The puzzles ranged in quality. Some solved cleanly; others were structurally messy. Our biggest struggle with the gameplay was the lack of gating, which forced an uneven experience. Some teammates got to participate a lot more than others. It was clear that The Key Escape Rooms has been iterating on the gameplay and is striving to bring this up to the level of the atmosphere.
We were impressed by the passion and craft at The Key Escape Rooms. We didn’t love every moment of The Cabin, but we were wowed more than once. If you seek something unusual, you’ll embrace darkness and scares, and you can overlook some bumps in gameplay, this escape room might just be your flavor. This whole experience was oddly memorable.
Who is this for?
- Adventure seekers
- Haunt enthusiasts
- Any experience level
- Players looking for novelty
- Players who can see pretty well in the dark
Why play?
- Spooky, campy fun
- The atmosphere
- It was unlike any other escape room we’ve encountered
Story
We’d run out of gas, but luckily someone had pulled over to help us out.
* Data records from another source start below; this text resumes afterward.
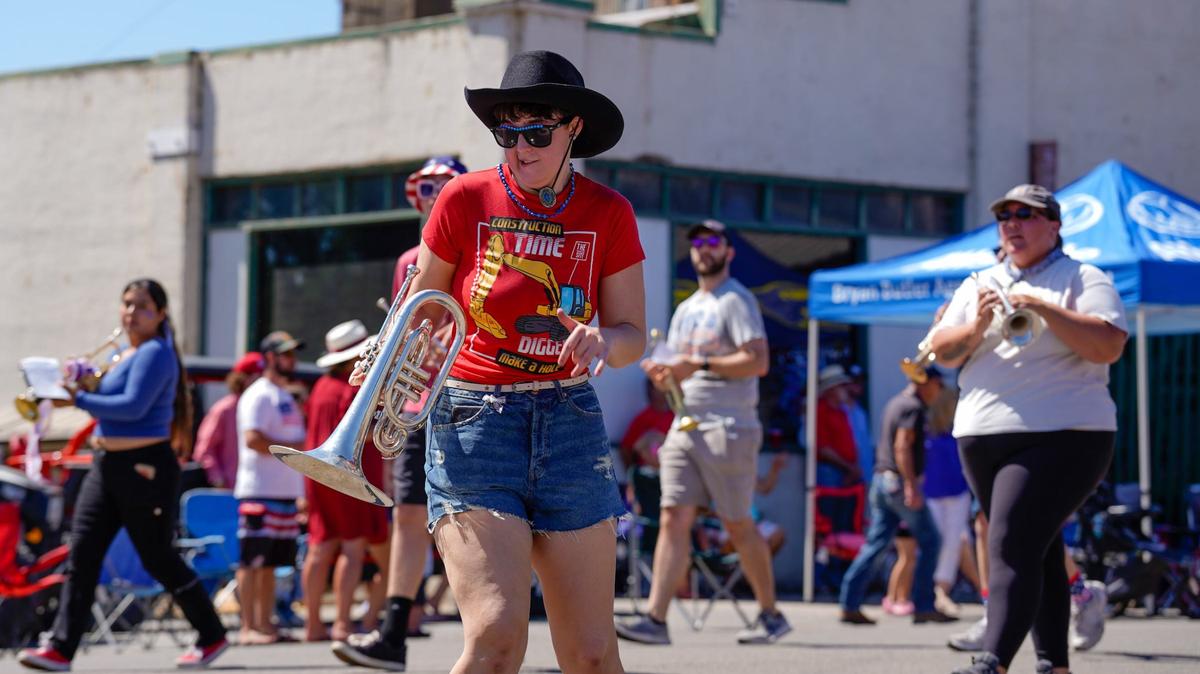 A member of the SLO County Independence Day Marching Band dances down the street in the Templeton Fourth of July Parade Thursday, July 4, 2024. The parade featured dozens of floats and acts, including classic cars, marching bands and appearances by local law enforcement and fire services.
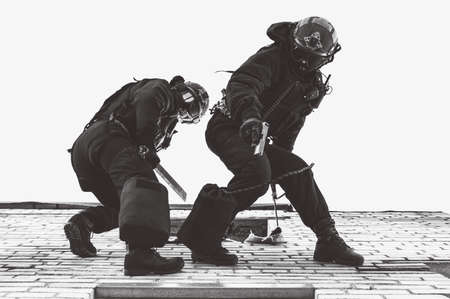 Two commandos train at the base. Climbers. SWAT, police, counterterrorism concept. Mixed mediaの写真素材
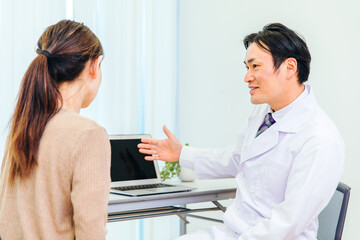 診察する男性医師と女性患者（ノートパソコン）
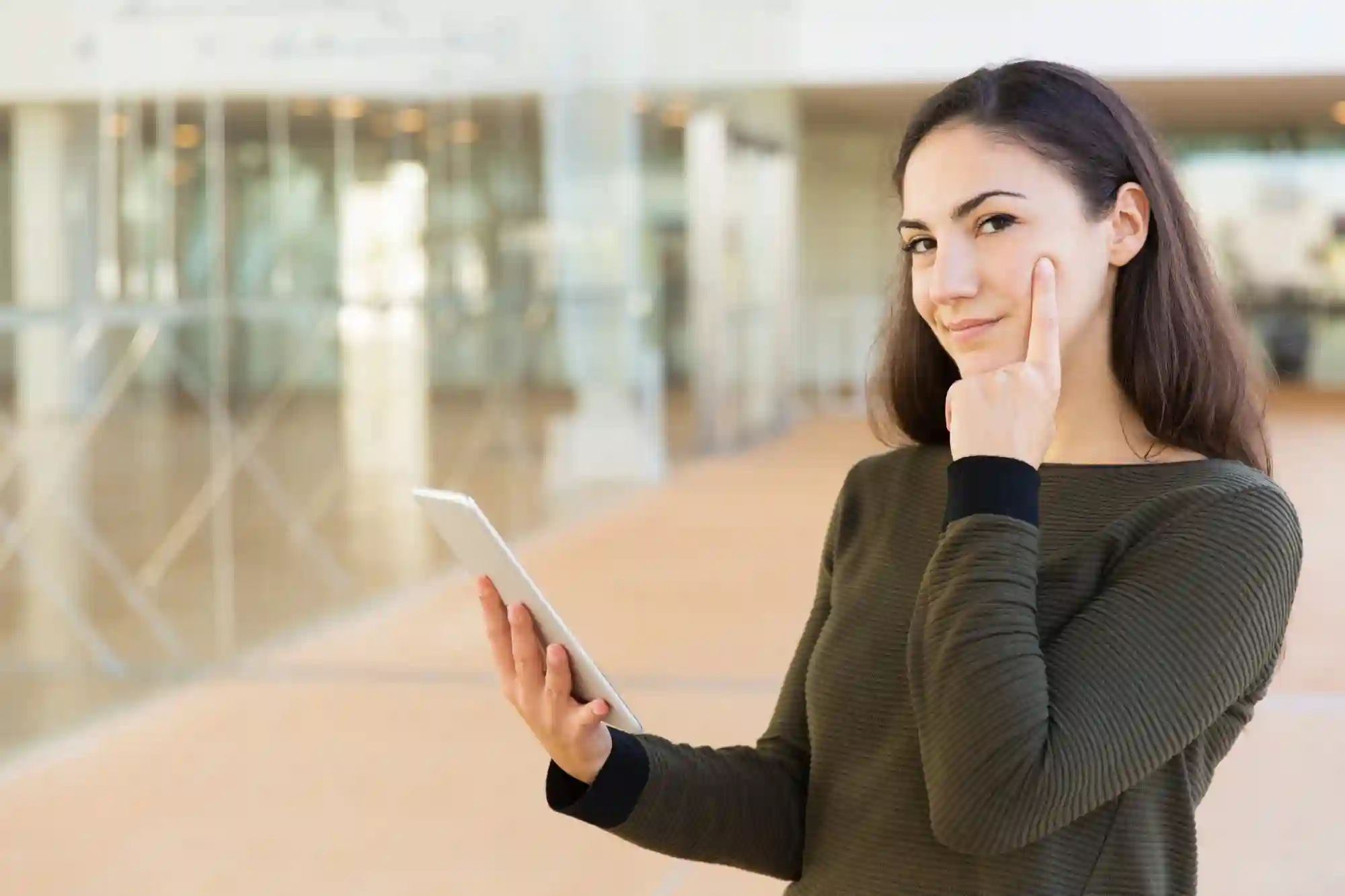 Woman with a tablet pointing to her eye, indicating focus or using visual data for an analysis.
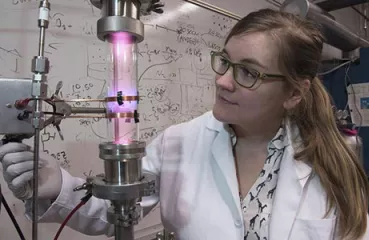 University of Minnesota researcher Samantha Ehrenberg uses a plasma reactor to create silicon nanoparticles that are the key ingredient in the solar concentrators. Credit: Patrick O'Leary, University of Minnesota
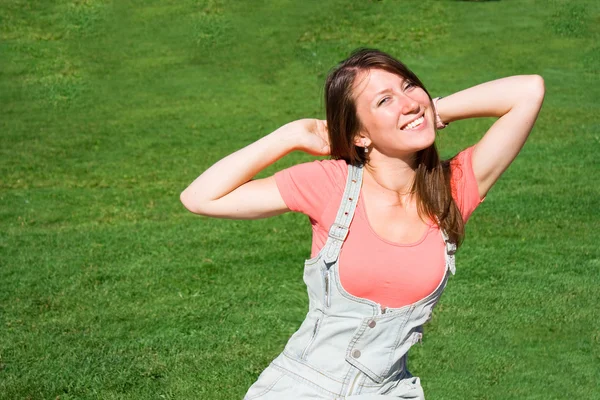 Bela jovem estudante no fundo de um gramado verde — Fotografia de Stock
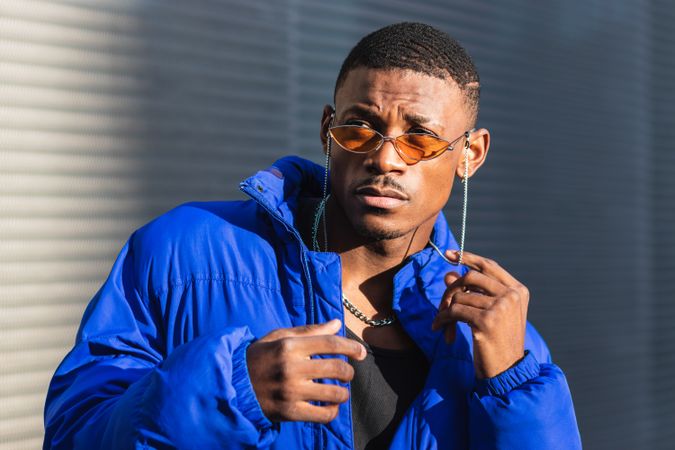 Stylish Black man in sunglasses on street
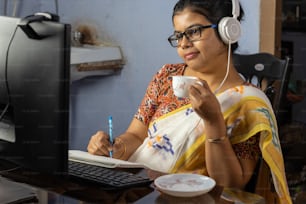 Indian woman in saree working on computer and taking tea at home, work from home concept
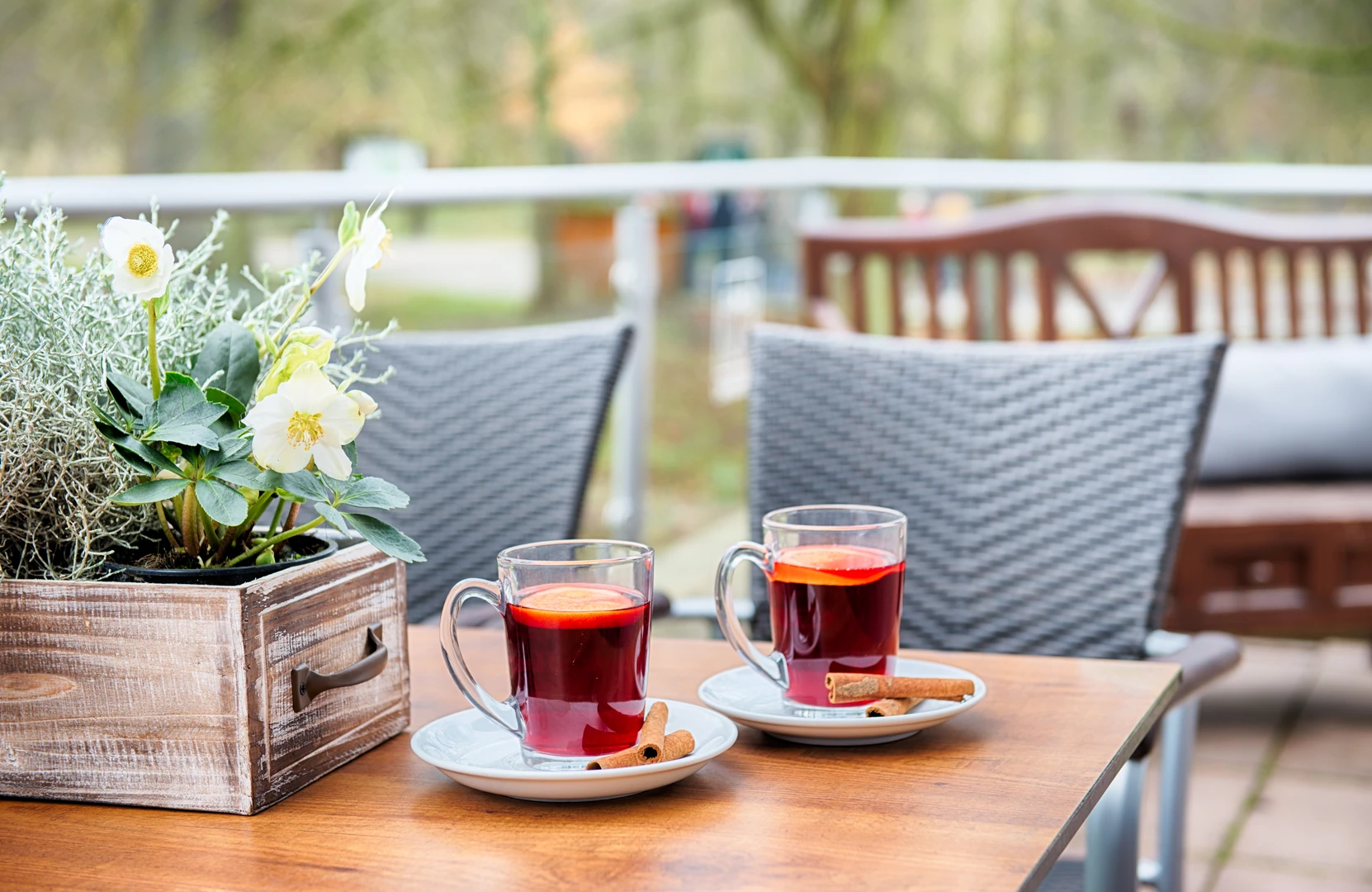 Ein Tisch auf der Außenterrasse mit Blumen und 2 Tassen Tee.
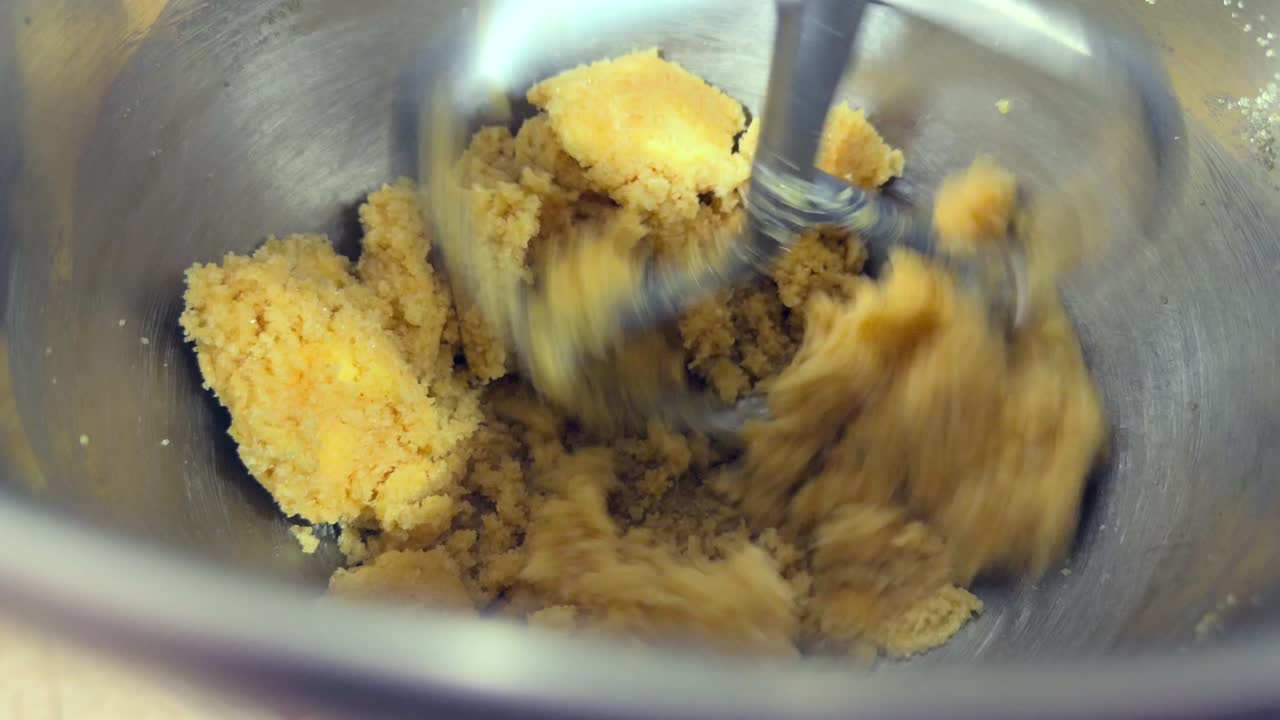 Creaming butter and brown sugar for oat and raising cookies with mixer, Mahe, Seychelles 25fps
Unfortunately, their “help” wasn’t what we had in mind, and now we had more problems than an empty tank.
Setting
The set was dark. We could barely make out enough details to solve some of the puzzles. Although there wasn’t much to see, there was a lot of ambiance to take in. The setting exuded creepy, haunted house vibes.
Gameplay
The Key Escape Rooms’ The Cabin was an unusual escape room where each player began locked in an individual cell.
Core gameplay revolved around searching, communicating, and making connections.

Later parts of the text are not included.